Is Your Child Grinding Their Teeth?

You may have noticed your child grinding their teeth. This can happen at any time, but it is most
common at night. Your child may not even realize they are doing it. Some common signs that
your child is grinding is if they have tooth sensitivity, have pain when chewing, have pain in
their jaw, or if you hear them grinding when they are sleeping. It’s important to have your child’s dentist exam their teeth when you notice your child has clenching or grinding habits.

Why Do Children Grind Their Teeth?

There are many reasons why children may grind their teeth. Depending on the age of your child,
it could be due to:

  1. Pain Caused by Teething or Earache: As your baby’s teeth come in, they may experience some discomfort. This can lead to grinding as they try to soothe the pain. Teething can also cause earaches, which can further contribute to the problem.
  2. Misalignment of Teeth or jaw bones: If your child’s teeth are not properly aligned, they may grind them to try and correct the problem. This is especially common if their top and bottom teeth do not meet correctly.
  3. Dehydration: If your child does not drink enough water, they may be more likely to grind their teeth. This is because dehydration can cause the mouth to feel dry and irritated.
  4. Medical Conditions: Some medical conditions can lead to teeth grinding. For instance, cerebral palsy has been linked to teeth grinding. This is due to the involuntary muscle movements associated with the condition.
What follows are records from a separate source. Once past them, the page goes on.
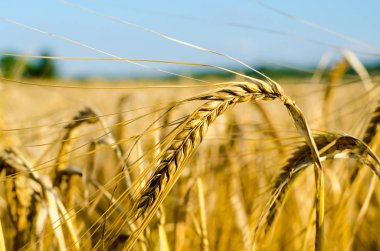 Yakın Mısır büyüyen mısır tarlası-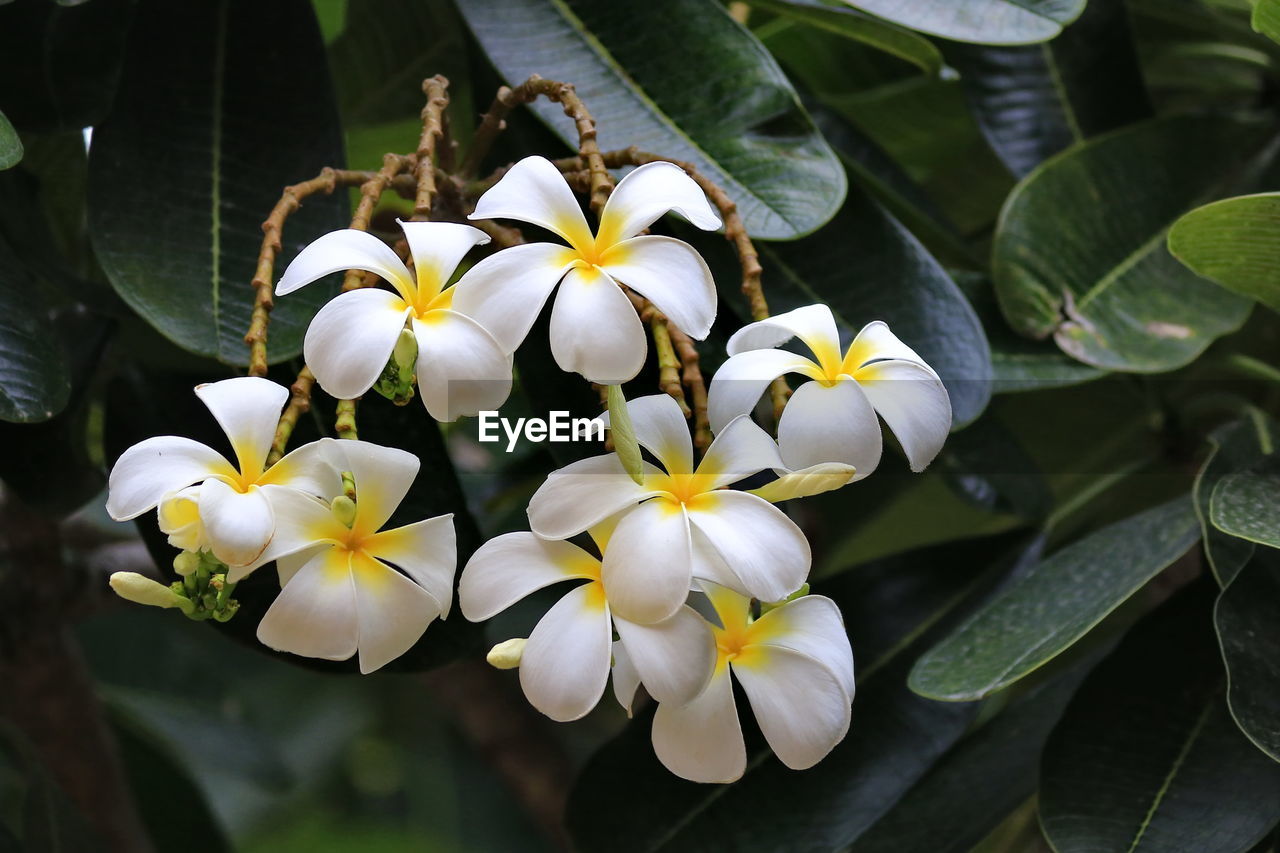 Close-up of white flowering plant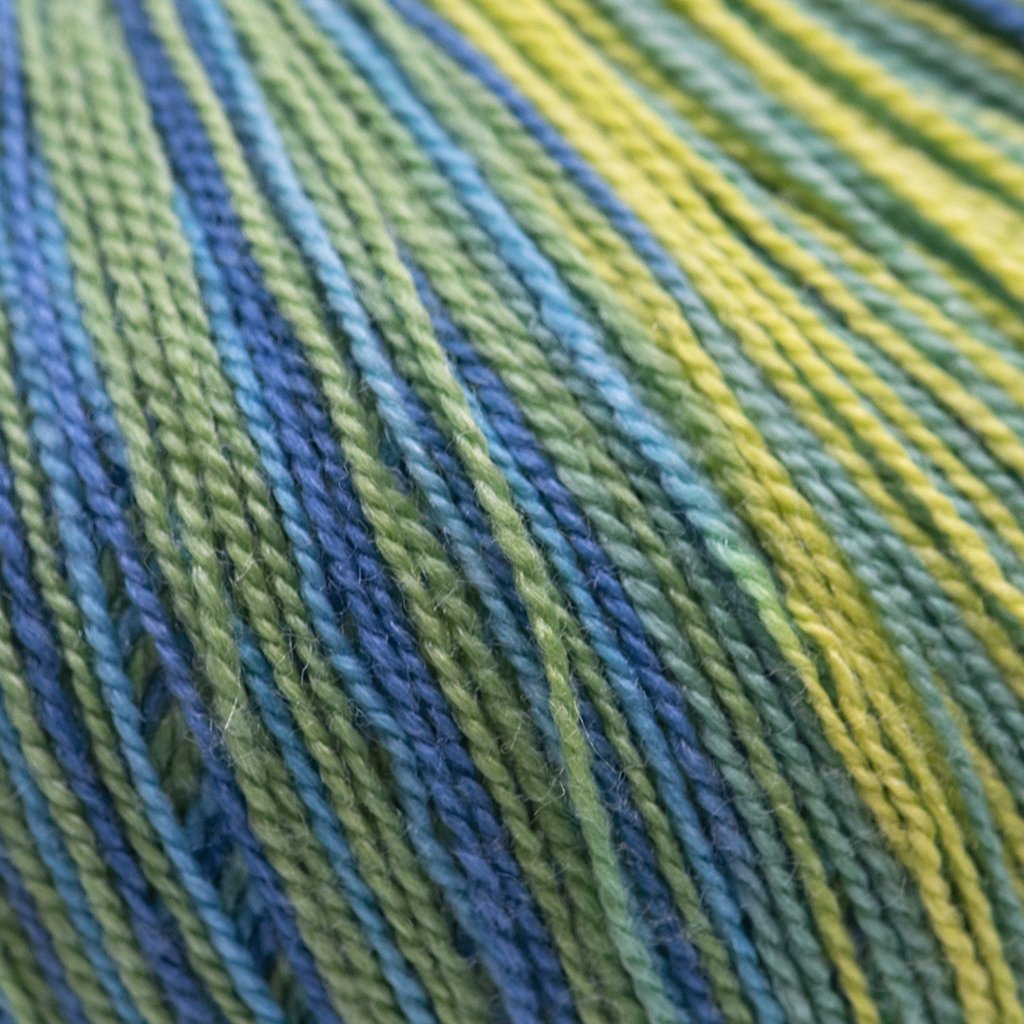 Cascade Forest Hills Multis -104 - Sea Grass 886904036525 | Yarn at Michigan Fine Yarns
What You Can Do When Your Child Grinds Their Teeth

There are many things you can do to help your child when they grind their teeth. These include:

  1. Give your Child a Teething Toy: If biting down on something hard helps to relieve the pain of teething, a teething toy for very young children can do wonders. The pressure on the gums can help to reduce the urge to grind. For instance, a frozen wet washcloth can be soothing. Make sure the toy is big enough so your child won’t choke on it.
  2. Encourage your Child to Drink More Water: Make sure your child is getting enough water throughout the day. This will help keep their mouth hydrated and reduce the urge to grind. This is also a great way to keep your child healthy overall.
  3. Encourage Your Child to Relax Before Bedtime: A warm bath or a bedtime story can help your child to relax before sleep. This may reduce the amount of grinding that occurs during the night. A calming nighttime routine can also help your child to get a good night’s sleep overall.
  4. Most Importantly, Take Your Child to the Dentist: If you are concerned about your child’s teeth grinding, arrange a visit with the dentist. They can properly assess the situation. This is especially important if the grinding is causing damage to the teeth.

Teeth grinding is a common problem in children. There are many things you can do to help your child when they grind their teeth. Taking the necessary steps to protect your child’s teeth from further damage is essential.

Contact Us Today

If your child is experiencing teeth grinding or clenching, contact Sprout Kids Dentistry today for treatment. Dr. Anderson will be happy to inspect your child’s mouth an jaw and create a personalized treatment plan to help ease teeth grinding.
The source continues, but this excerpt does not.